# What you will do
Once the line holding "650 NW 214TH Avenue, Pembroke Pines FL 33029" is written out, stop; begin at the first line of the material below and retype exactly, dropping pictures.

# Data in this exercise
◇ ◇ ◇

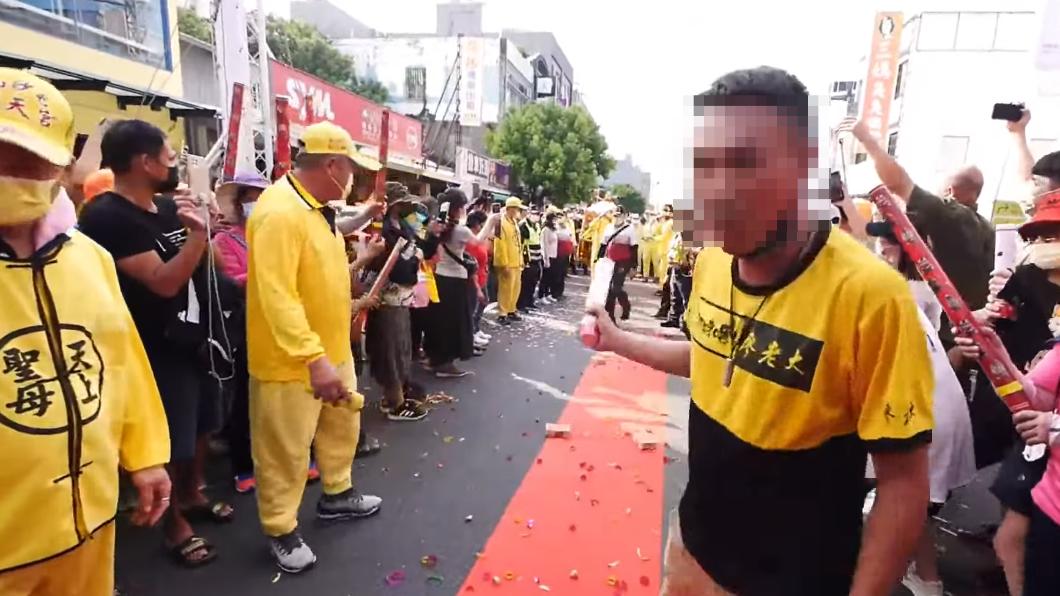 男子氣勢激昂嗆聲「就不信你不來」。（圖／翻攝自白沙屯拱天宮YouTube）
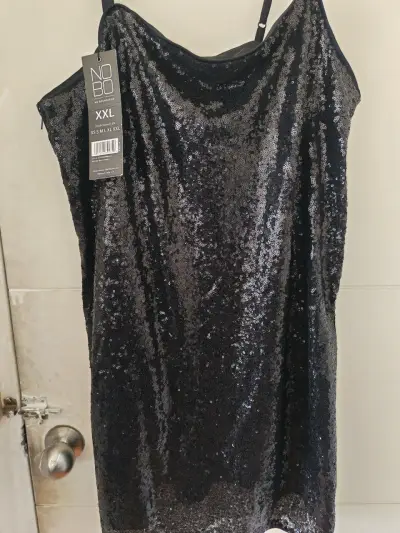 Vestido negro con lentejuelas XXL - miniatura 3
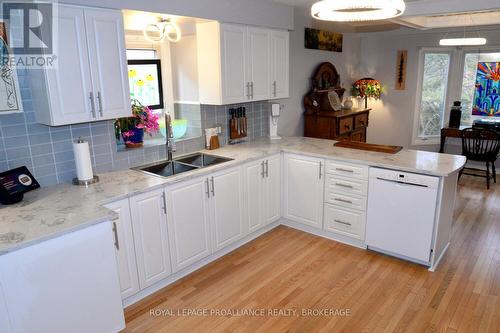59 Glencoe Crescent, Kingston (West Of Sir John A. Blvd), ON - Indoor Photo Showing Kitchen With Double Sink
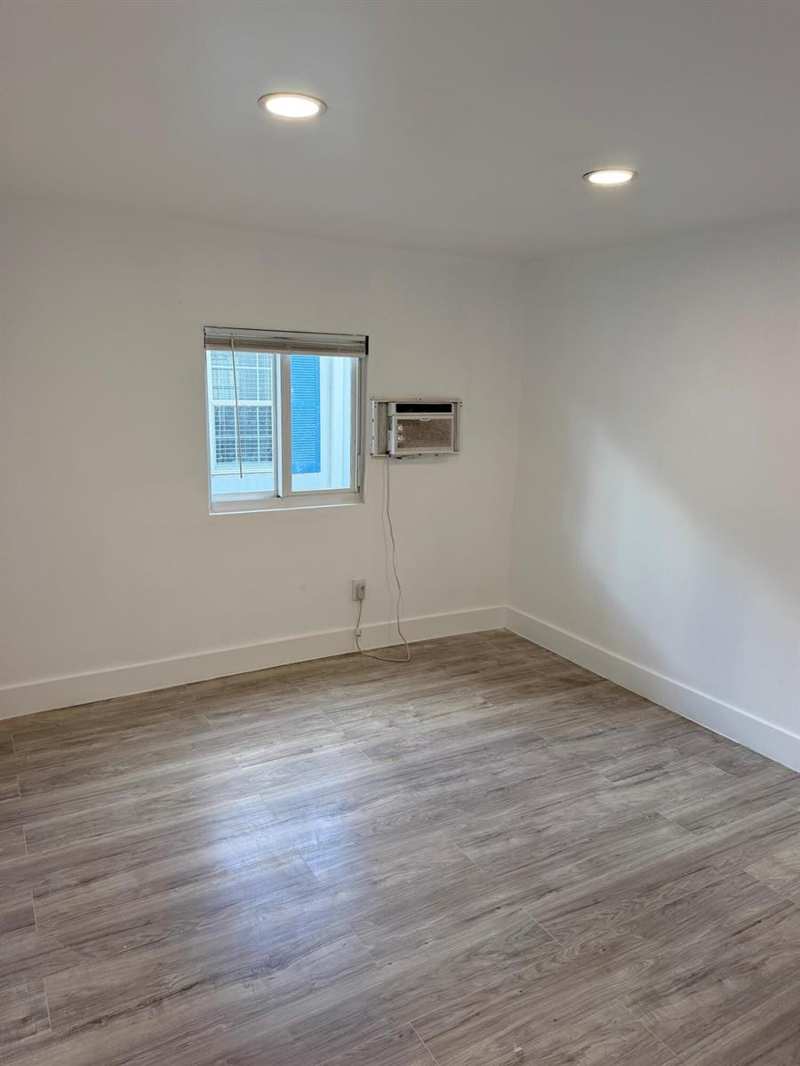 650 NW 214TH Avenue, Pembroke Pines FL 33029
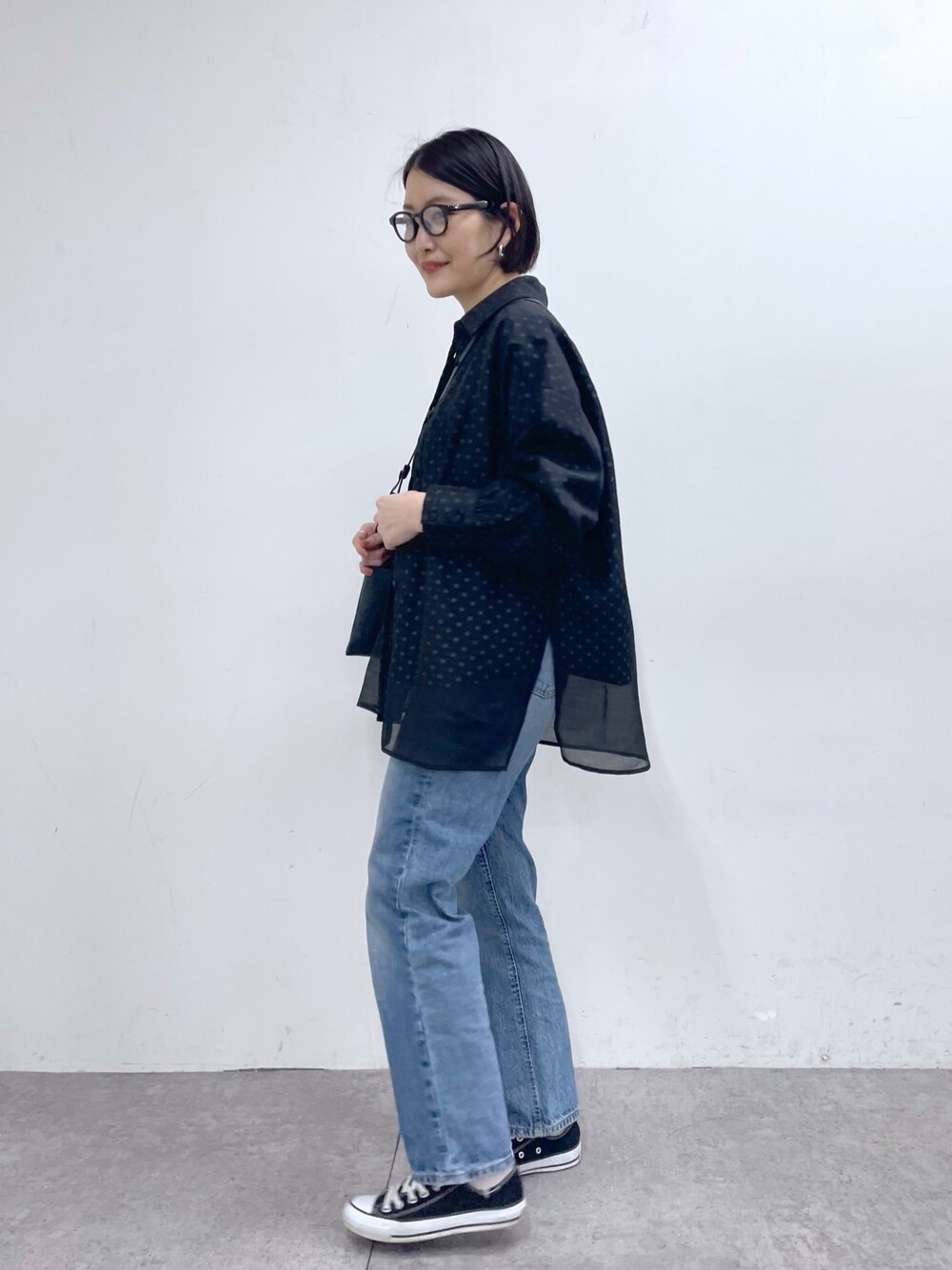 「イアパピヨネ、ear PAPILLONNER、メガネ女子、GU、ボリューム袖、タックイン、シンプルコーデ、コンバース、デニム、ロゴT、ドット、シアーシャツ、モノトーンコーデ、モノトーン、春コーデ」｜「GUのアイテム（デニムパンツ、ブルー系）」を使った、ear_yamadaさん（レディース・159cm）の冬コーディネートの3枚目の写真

◇ ◇ ◇

# Reply
 男子氣勢激昂嗆聲「就不信你不來」。（圖／翻攝自白沙屯拱天宮YouTube）
 Vestido negro con lentejuelas XXL - miniatura 3
59 Glencoe Crescent, Kingston (West Of Sir John A. Blvd), ON - Indoor Photo Showing Kitchen With Double Sink
 650 NW 214TH Avenue, Pembroke Pines FL 33029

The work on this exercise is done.